Spoiler Alert! This post contains details of how I solved this problem. If you want to try this problem yourself, I strongly recommend you don’t read on. Coming up with your own method to do this efficiently is all the fun.

A few weeks ago my friend Albert nerd-sniped me with this coding problem from Quora, which they seem to use in their hiring process. I was immediately intrigued, and spent the next day or so on it.

It goes like this: A datacenter needs to be cooled using a duct. It is required to pass through every room of the datacenter exactly once, and some can’t be crossed(marked by a 1). It must start at the entrance(2) and end at the exit(3). The task is not to find a way of doing this, but rather counting how many ways there are to do it. I won’t reproduce the specifics, but here is a snippet:

Here is an example datacenter:

2  0  0  0

0  0  0  0

0  0  3  1

There are two possible ways to run the duct here:

2--0--0--0
         |
0--0--0--0
|
0--0--3  1

or

2  0--0--0
|  |     |
0  0  0--0
|  |  |
0--0  3  1

Write a program to compute the number of possible ways to run the duct. For the above example, the correct answer is 2.

Check their challenge page for specifics.

My first implementation was a simple forward search. Start at the entrance and iteratively grow the tubing one step at a time. I implemented this with a queue, which contained all the legal tubing variations for a given length N. From this I generated all the possibilities for length N+1 by growing by one in all possible directions.
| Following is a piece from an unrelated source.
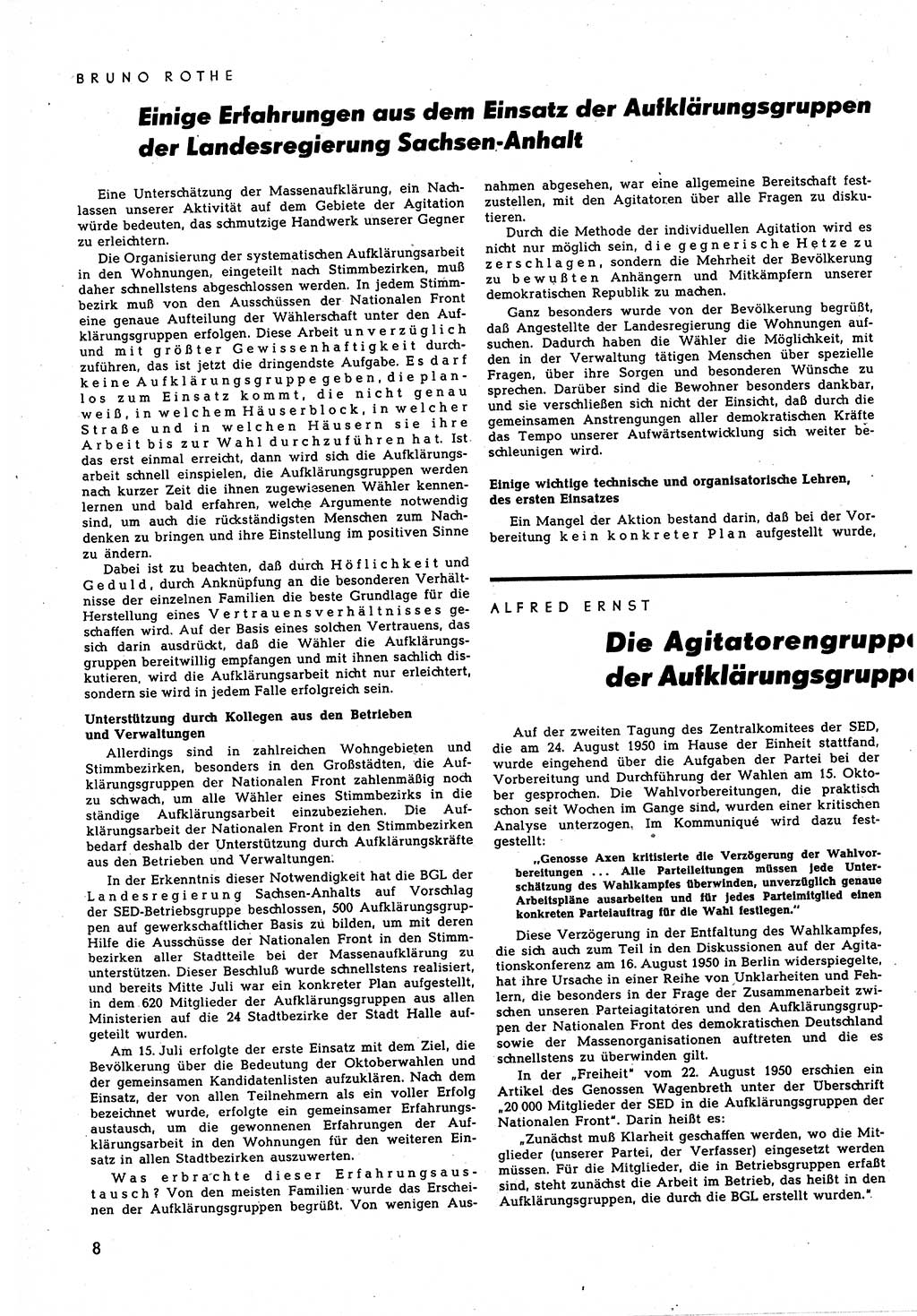 Neuer Weg (NW), Halbmonatsschrift für aktuelle Fragen der Arbeiterbewegung [Zentralkomitee (ZK) Sozialistische Einheitspartei Deutschlands (SED)], 5. Jahrgang [Deutsche Demokratische Republik (DDR)] 1950, Heft 18/8 (NW ZK SED DDR 1950, H. 18/8)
This proved to be disastrously slow, and memory consumption was high, too. Since the branches of the search tree grow exponentially, it is highly beneficial to prune them as early as possible. I did this in 3 ways.

  • Merging equivalent branches: To find new solutions it really only matters wether a given room already contains a tube or not. The direction of the tubes is irrelevant. This means that leaf nodes in a tree that have the same ending, and have passed through the same rooms can be merged into one. The number of solutions derived from this merged leaf needs to be multiplied by the number of original variants it contains.
  • Prune branches that cut off areas: If a part of the datacenter is cut off and can’t be reached from current the end of the tubing, the branch will not result in valid solutions. They can be pruned.
  • Dead ends: This was the last optimization I came up with, and it was surprisingly effective. Basically, to pass through a room, it must have 2 or more adjacent rooms free. If there is only one free, this means the tube can enter, but not leave any more. As a result all the branches that contain this pattern are doomed an can be pruned.

The resulting algorithm is quite speedy. I wrote it in C++, using STL containers for all my data structures. I was only really interested in the algorithmic optimizations, and didn’t worry too much about memory optimizations or other tricks to shave off milliseconds. Also, I performed all these optimizations all of the time. It might well be that their effect is beneficial in the beginning but outweighed by their cost in the final stages, when there is not much left to prune.

Another optimization I thought of but never implemented:

  • Uneven number of exits: If there is an area that can only be reached by a number of bottlenecks of width one, this can only be even if the exit is on the same side as the current tube end, and uneven if they lie on different sides. Otherwise the configuration will eventually end up with a dead end as described in the third optimization.

I’m not sure how much time this would save, since the check is quite elaborate compared to the other tests I mentioned.

The reference problem with the 7×8 grid ran in about 15 seconds on my 2Ghz Core2Duo. It found 301716 solutions. Larger examples take significantly longer, so I guess the solution still has exponential scaling behavior, which is probably not surprising since it is very similar to a hamiltonian path problem.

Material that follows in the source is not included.